(THE TASK) Would you transcribe exactly the lines from the beginning of the records below through the line with "Stunning Luxury Home", both included, omitting the pictures?

(WORKING DATA begins)

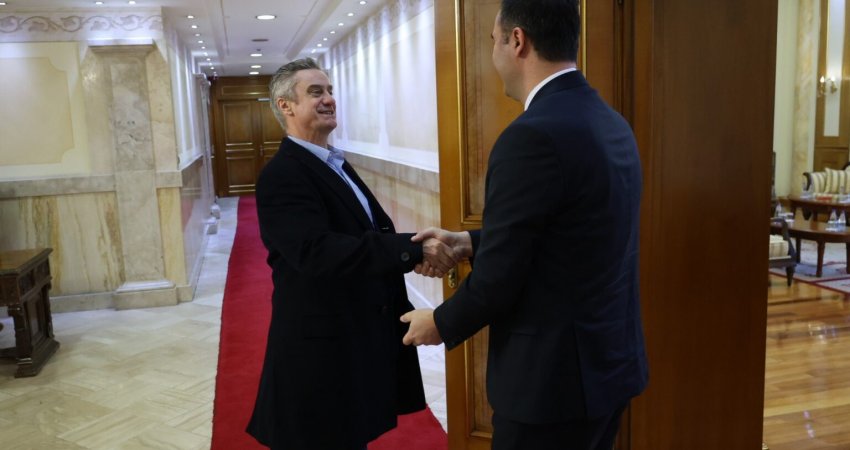 Ambasadori britanik pas takimit me Konjufcën: E rëndësishme që qeveria të krijohet me kohë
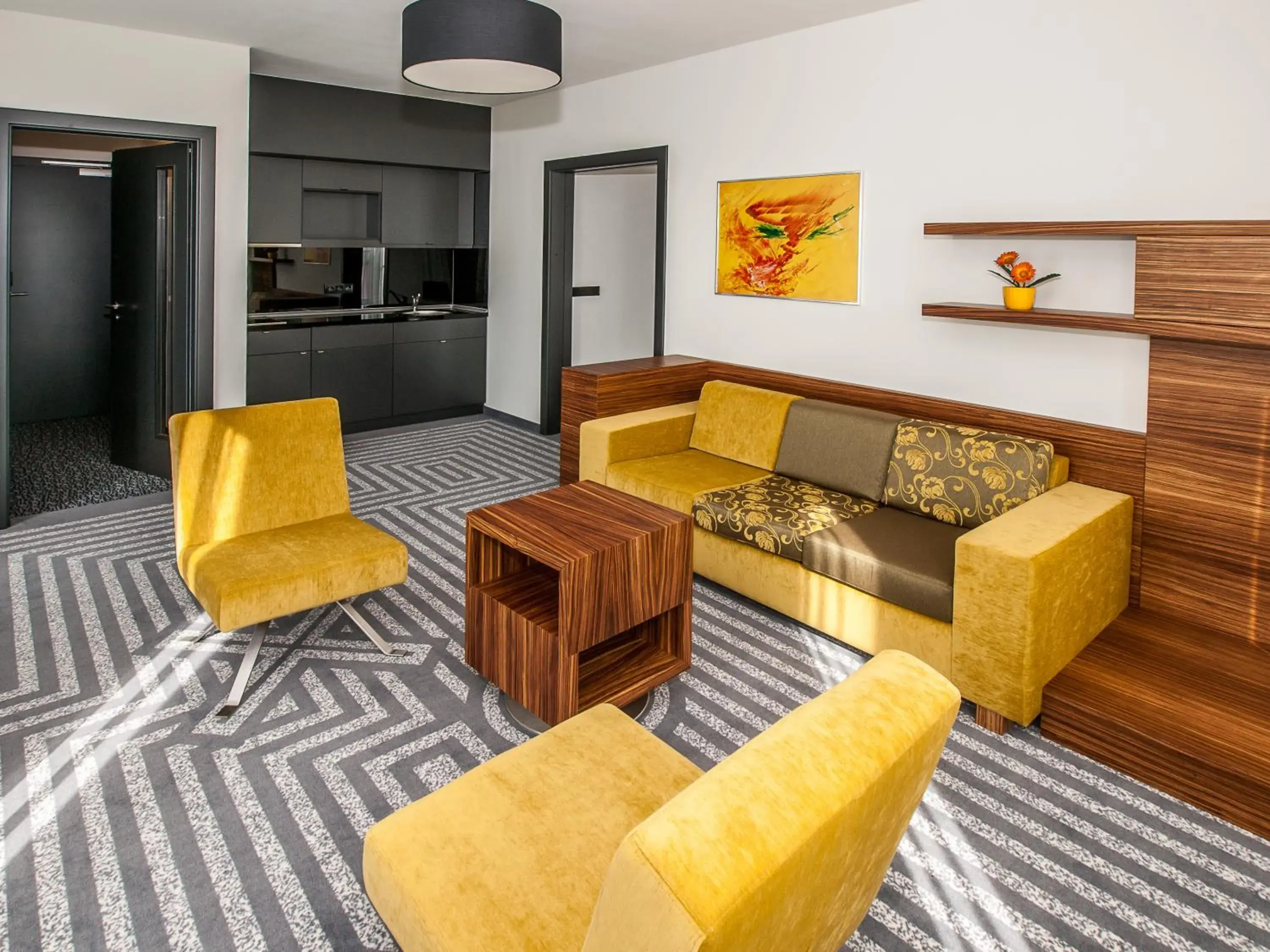 One-Bedroom Apartment - single occupancy in Hotel 99 One-Bedroom Apartment - single occupancy in Hotel 99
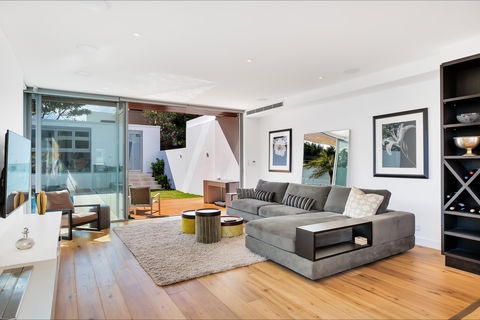 Stunning Luxury Home - Accommodation Tasmania 2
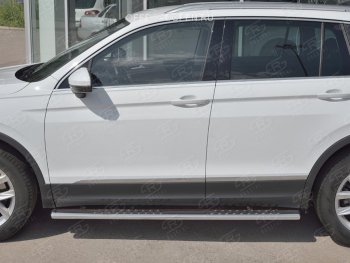 31 649 р. Пороги труба 120х60 овал с проступью Russtal Volkswagen Tiguan Mk2 дорестайлинг (2016-2020)  с доставкой в г. Набережные‑Челны. Увеличить фотографию 2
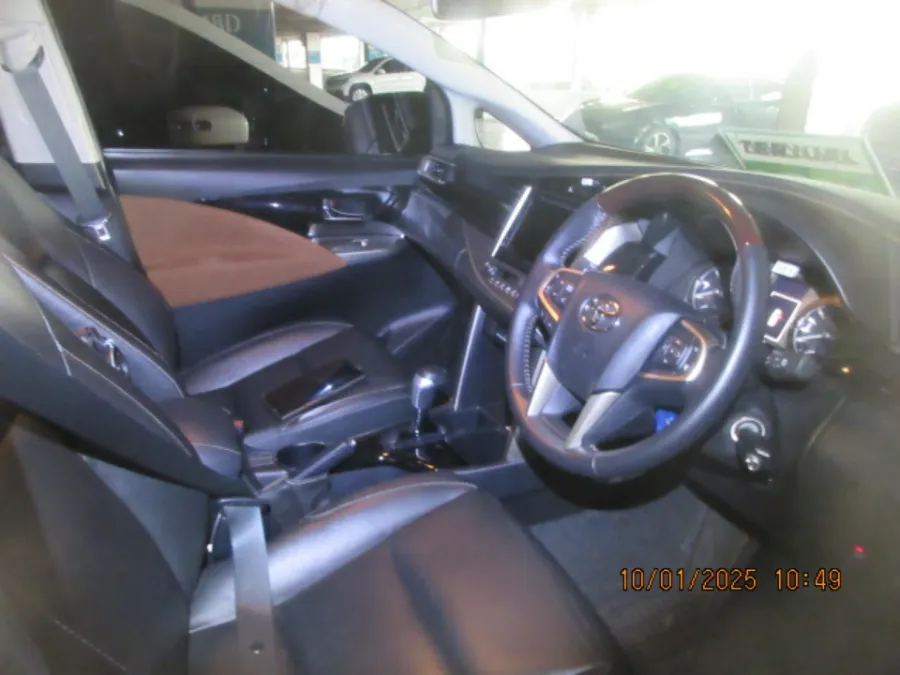 Foto Mobil Bekas Kabin Depan Toyota Kijang Innova 2.4 V tahun 2018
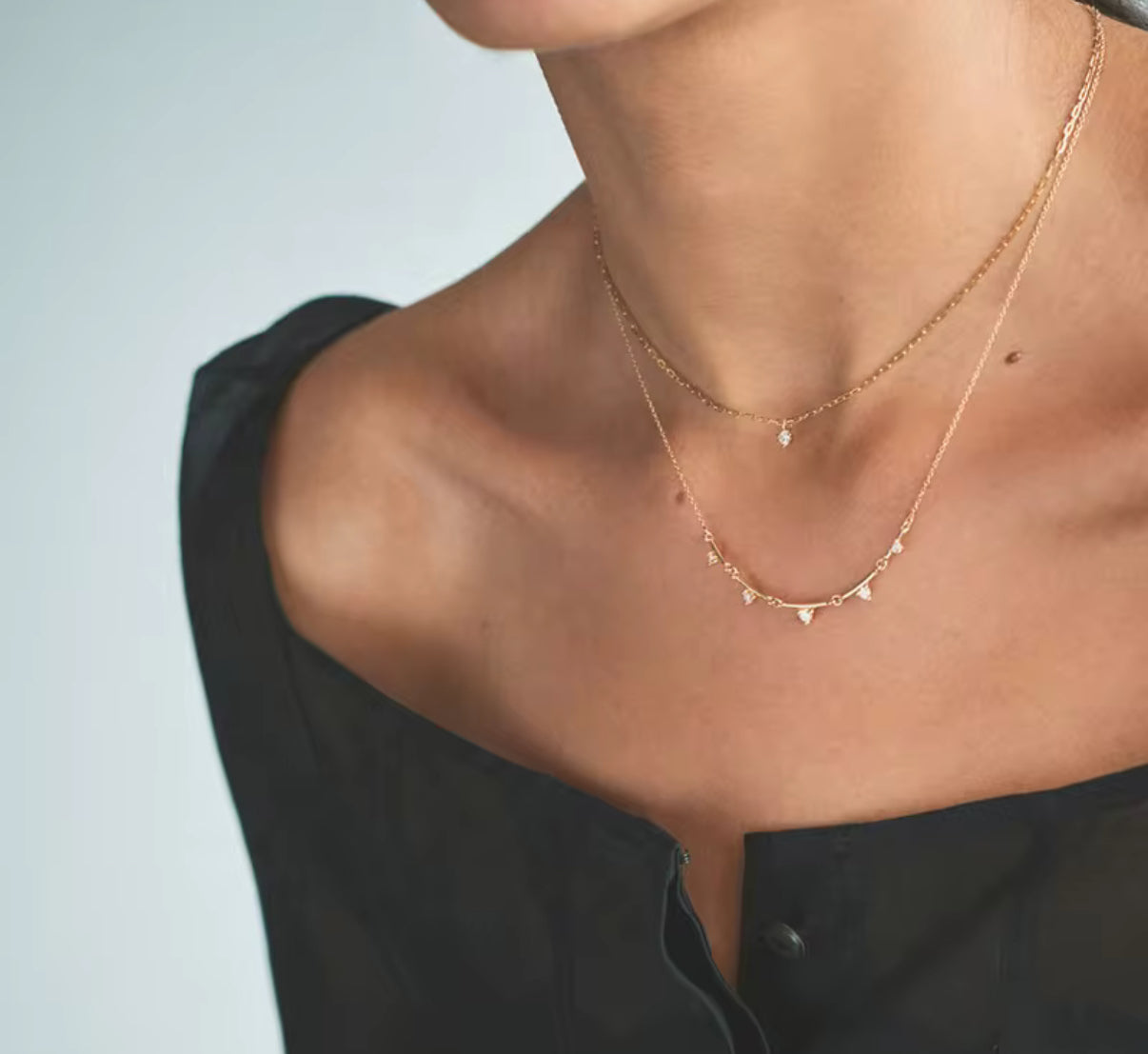 TRIANGLE BAR NECKLACE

(WORKING DATA ends)

(TASK SOLUTION)
 Ambasadori britanik pas takimit me Konjufcën: E rëndësishme që qeveria të krijohet me kohë
 One-Bedroom Apartment - single occupancy in Hotel 99 One-Bedroom Apartment - single occupancy in Hotel 99
 Stunning Luxury Home - Accommodation Tasmania 2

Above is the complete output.